(Source records)
^^^^^^^^

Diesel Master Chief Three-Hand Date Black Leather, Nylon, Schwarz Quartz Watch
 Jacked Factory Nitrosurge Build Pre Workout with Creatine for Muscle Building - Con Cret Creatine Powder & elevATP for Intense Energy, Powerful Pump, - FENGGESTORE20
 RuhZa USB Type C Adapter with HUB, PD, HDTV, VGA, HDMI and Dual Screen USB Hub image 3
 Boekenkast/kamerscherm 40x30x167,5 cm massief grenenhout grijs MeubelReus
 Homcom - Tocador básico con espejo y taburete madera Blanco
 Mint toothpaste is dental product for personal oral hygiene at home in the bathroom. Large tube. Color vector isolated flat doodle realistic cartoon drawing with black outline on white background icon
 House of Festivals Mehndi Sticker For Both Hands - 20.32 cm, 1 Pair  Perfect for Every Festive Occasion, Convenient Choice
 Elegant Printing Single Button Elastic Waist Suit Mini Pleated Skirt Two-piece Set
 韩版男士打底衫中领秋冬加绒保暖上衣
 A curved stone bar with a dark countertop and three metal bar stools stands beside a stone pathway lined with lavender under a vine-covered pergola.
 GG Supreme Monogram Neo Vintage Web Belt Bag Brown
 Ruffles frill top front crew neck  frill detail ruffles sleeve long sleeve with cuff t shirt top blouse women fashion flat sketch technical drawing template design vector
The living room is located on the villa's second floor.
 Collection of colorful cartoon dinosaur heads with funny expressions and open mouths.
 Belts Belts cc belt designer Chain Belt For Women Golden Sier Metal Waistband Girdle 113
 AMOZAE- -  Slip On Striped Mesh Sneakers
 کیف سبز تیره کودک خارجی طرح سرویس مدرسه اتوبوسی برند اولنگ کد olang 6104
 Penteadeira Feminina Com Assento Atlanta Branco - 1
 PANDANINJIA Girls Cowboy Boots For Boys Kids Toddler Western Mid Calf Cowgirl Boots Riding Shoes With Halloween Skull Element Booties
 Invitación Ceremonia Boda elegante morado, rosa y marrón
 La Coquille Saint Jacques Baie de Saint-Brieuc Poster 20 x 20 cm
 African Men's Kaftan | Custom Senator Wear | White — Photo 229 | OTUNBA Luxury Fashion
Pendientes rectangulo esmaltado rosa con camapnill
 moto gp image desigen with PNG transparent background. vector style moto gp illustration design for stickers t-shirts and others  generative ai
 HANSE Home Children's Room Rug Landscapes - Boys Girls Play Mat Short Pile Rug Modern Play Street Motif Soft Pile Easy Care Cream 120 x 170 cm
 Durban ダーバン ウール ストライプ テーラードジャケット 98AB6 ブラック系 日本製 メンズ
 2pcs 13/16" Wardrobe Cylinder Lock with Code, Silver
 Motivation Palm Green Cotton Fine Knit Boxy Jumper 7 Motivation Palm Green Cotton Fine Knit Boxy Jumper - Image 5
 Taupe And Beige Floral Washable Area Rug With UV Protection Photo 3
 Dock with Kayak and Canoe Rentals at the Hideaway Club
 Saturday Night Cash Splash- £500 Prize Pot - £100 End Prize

^^^^^^^^

TASK INSTRUCTIONS:
Return, with no change at all, every line in the entries above from the line containing "A curved stone" through the line containing "HANSE Home Children's".

RESULT OF THIS TASK:
 A curved stone bar with a dark countertop and three metal bar stools stands beside a stone pathway lined with lavender under a vine-covered pergola.
 GG Supreme Monogram Neo Vintage Web Belt Bag Brown
 Ruffles frill top front crew neck  frill detail ruffles sleeve long sleeve with cuff t shirt top blouse women fashion flat sketch technical drawing template design vector
The living room is located on the villa's second floor.
 Collection of colorful cartoon dinosaur heads with funny expressions and open mouths.
 Belts Belts cc belt designer Chain Belt For Women Golden Sier Metal Waistband Girdle 113
 AMOZAE- -  Slip On Striped Mesh Sneakers
 کیف سبز تیره کودک خارجی طرح سرویس مدرسه اتوبوسی برند اولنگ کد olang 6104
 Penteadeira Feminina Com Assento Atlanta Branco - 1
 PANDANINJIA Girls Cowboy Boots For Boys Kids Toddler Western Mid Calf Cowgirl Boots Riding Shoes With Halloween Skull Element Booties
 Invitación Ceremonia Boda elegante morado, rosa y marrón
 La Coquille Saint Jacques Baie de Saint-Brieuc Poster 20 x 20 cm
 African Men's Kaftan | Custom Senator Wear | White — Photo 229 | OTUNBA Luxury Fashion
Pendientes rectangulo esmaltado rosa con camapnill
 moto gp image desigen with PNG transparent background. vector style moto gp illustration design for stickers t-shirts and others  generative ai
 HANSE Home Children's Room Rug Landscapes - Boys Girls Play Mat Short Pile Rug Modern Play Street Motif Soft Pile Easy Care Cream 120 x 170 cm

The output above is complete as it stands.